Equal negotiation on regional trade
CHINA has ruled out seeking a leading role in regional trade arrangements and says trade rules should be based on equal negotiation.
Donald Trump’s upset in last week’s US presidential election had “created an opening” for China to extend its already massive economic clout in the Pacific Rim, a region hungry for free trade deals, experts said.
Trump vowed to scuttle US President Barack Obama’s key trade initiative in the region, the Trans-Pacific Partnership, and the near-certain death of the not-yet-ratified 12-nation agreement leaves a vacuum that China — which was excluded from the TPP — could fill with its own proposed deals.
Ahead of today’s summit of Asia-Pacific leaders, Trump’s protectionism has left the region looking to China for leadership on free trade.
President Xi Jinping is holding a “strong hand” as he meets Obama and other leaders from the 21-member Asia-Pacific Economic Cooperation group, observers say.
However, foreign ministry spokesman Geng Shuang told a press conference yesterday: “China does not seek a leading role in the Regional Comprehensive Economic Partnership and the Free Trade Area of the Asia-Pacific.”
He was commenting on the speculation that regional countries would turn to the RCEP, and that China might write the trade rules in the Asia-Pacific region.
The RCEP has ASEAN countries taking a leading role, while the FTAAP is a proposal of regional economic integration under APEC, Geng said.
China has been cooperating with all sides to push forward the RCEP on the basis of respecting ASEAN’s core role, he added.
During the APEC summit in Beijing in 2014, members agreed to begin a joint strategic study of the FTAAP, marking the official launch of the regionwide free trade area process.
“We hope to decide the next step with all relevant sides during the APEC summit in Peru to achieve more progress in building up the Asia-Pacific free trade zone,” Geng said.

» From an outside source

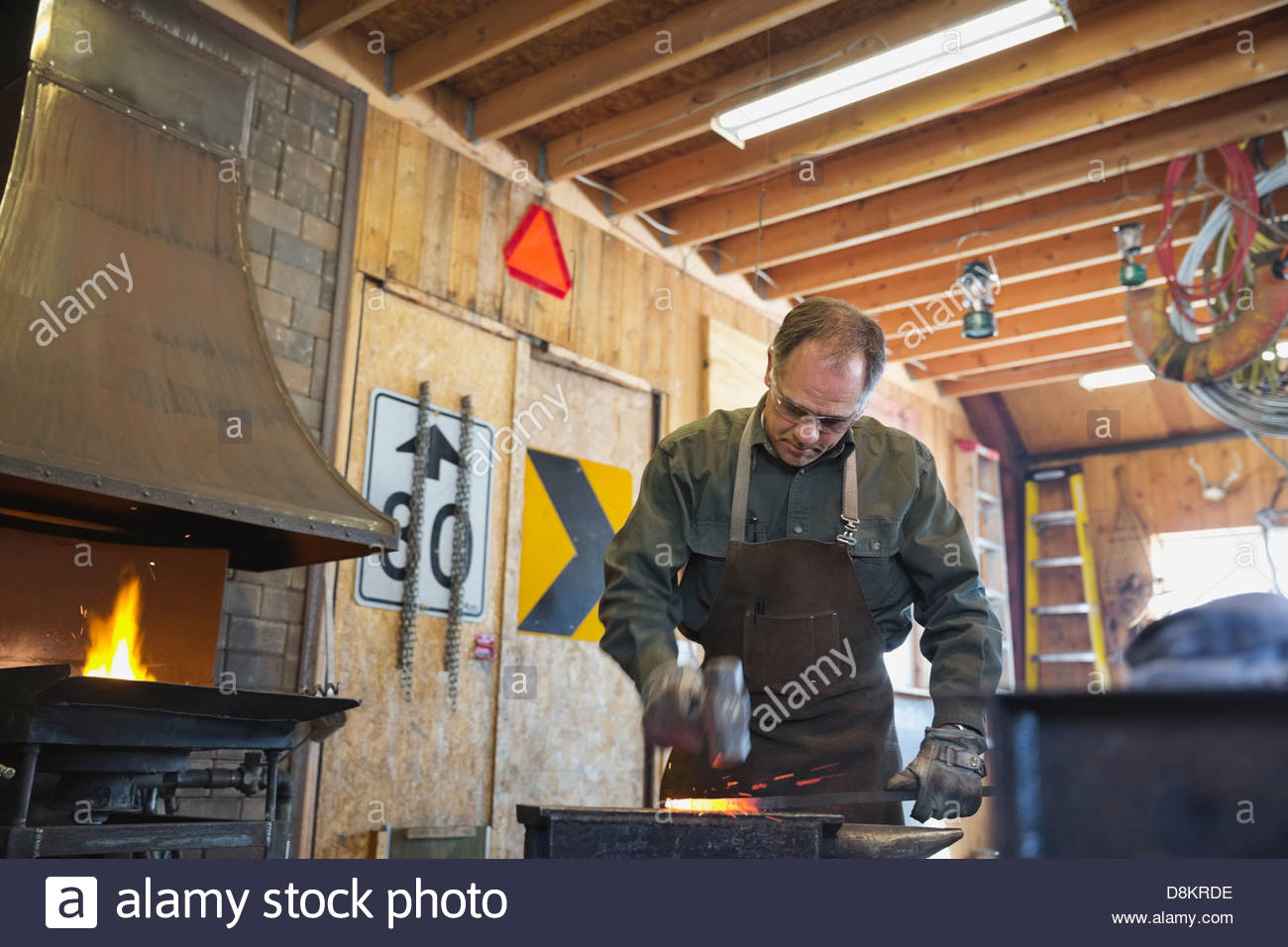 Metalworker hammering hot metal at workshop Stock Photo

China has always had an open attitude toward arrangements conducive to liberating and facilitating regional trade and investment, and the region’s common development and prosperity, he said, adding that China also believes trade arrangements should be in accordance with World Trade Organization rules.
“Trade arrangements should seek to work with, not against, each other,” Geng said, adding that all sides should prevent trade arrangements in the Asia-Pacific region from becoming fragmented or politicized.

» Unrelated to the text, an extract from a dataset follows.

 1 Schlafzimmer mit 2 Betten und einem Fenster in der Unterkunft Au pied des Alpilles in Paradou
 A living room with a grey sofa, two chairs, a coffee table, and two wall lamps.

Trade rules should be settled through equal negotiation by every side, not one or two countries, and take into consideration the differences of all members’ development stages, especially developing economies, Geng said.
He stressed that trade rules should be reciprocal and in the interests of all sides.
Earlier, Brian Jackson, a China economist at consultancy IHS Global Insight, said: “There is no doubt that if the TPP fails it will be a huge win for China, politically and economically.”
“On the political side, TPP negotiations took years and plenty of political capital in partner countries, so its failure would create a credibility gap,” he told reporters.
“Economically, it will provide China with a stronger negotiating position as one major alternative source of demand.”
Trump is not at the summit in Lima, but he looms large over APEC, a free-trade club founded in 1989 that represents nearly 40 percent of the world’s population and nearly 60 percent of the global economy.
The Republican president-elect successfully tapped the anger of working-class voters who feel left behind by globalization, vowing to protect American jobs against cheap labor in developing countries.
That, together with his attacks on immigration and the US role as “policeman of the world” — plus Britain’s surprise “Brexit” vote — has unleashed deep uncertainty about the postwar world order.
“Right now, uncertainty surrounds every issue on the international agenda,” said political analyst Carlos Malamud, of Madrid’s Elcano Institute.
Economists warn that Trump’s policies, if they follow through on his campaign pledges, would unleash chaos on the highly interconnected world economy.
A protectionist turn for the US would cause “huge adjustment difficulties for countries that have grown through trade,” said Robert Lawrence, a trade expert at Harvard University.